----- DATA SEGMENT

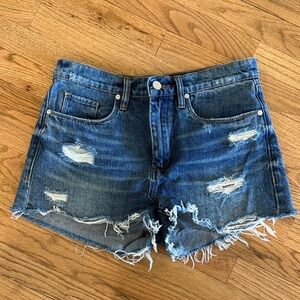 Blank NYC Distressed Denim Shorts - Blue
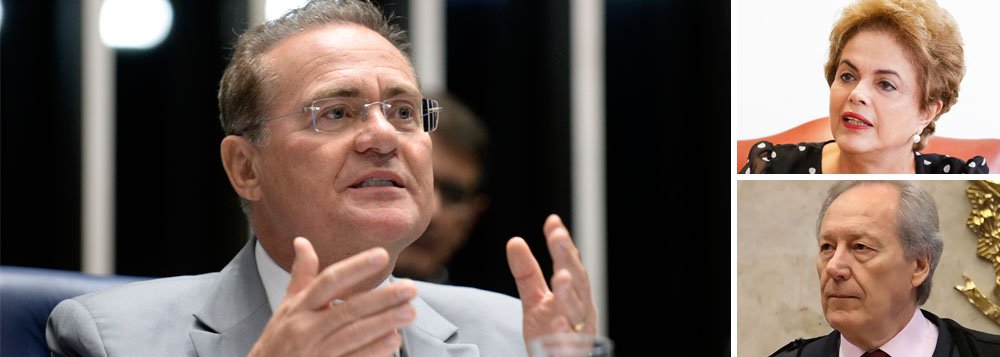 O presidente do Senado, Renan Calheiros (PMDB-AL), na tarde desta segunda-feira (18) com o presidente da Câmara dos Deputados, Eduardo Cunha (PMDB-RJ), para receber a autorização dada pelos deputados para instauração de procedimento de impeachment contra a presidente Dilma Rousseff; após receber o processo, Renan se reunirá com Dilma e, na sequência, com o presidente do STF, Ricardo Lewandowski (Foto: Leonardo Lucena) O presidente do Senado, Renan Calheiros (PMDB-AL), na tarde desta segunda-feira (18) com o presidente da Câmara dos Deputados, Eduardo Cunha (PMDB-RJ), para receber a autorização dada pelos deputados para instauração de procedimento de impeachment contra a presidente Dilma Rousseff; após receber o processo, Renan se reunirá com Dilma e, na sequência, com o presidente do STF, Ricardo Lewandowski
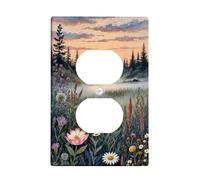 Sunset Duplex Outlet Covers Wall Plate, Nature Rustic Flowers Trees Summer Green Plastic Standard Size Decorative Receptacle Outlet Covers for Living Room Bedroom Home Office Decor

----------

**THE PROBLEM:** Without including any pictures, print all of the material exactly as given.

**SOLUTION TO THE EXERCISE:**
 Blank NYC Distressed Denim Shorts - Blue
 O presidente do Senado, Renan Calheiros (PMDB-AL), na tarde desta segunda-feira (18) com o presidente da Câmara dos Deputados, Eduardo Cunha (PMDB-RJ), para receber a autorização dada pelos deputados para instauração de procedimento de impeachment contra a presidente Dilma Rousseff; após receber o processo, Renan se reunirá com Dilma e, na sequência, com o presidente do STF, Ricardo Lewandowski (Foto: Leonardo Lucena) O presidente do Senado, Renan Calheiros (PMDB-AL), na tarde desta segunda-feira (18) com o presidente da Câmara dos Deputados, Eduardo Cunha (PMDB-RJ), para receber a autorização dada pelos deputados para instauração de procedimento de impeachment contra a presidente Dilma Rousseff; após receber o processo, Renan se reunirá com Dilma e, na sequência, com o presidente do STF, Ricardo Lewandowski
 Sunset Duplex Outlet Covers Wall Plate, Nature Rustic Flowers Trees Summer Green Plastic Standard Size Decorative Receptacle Outlet Covers for Living Room Bedroom Home Office Decor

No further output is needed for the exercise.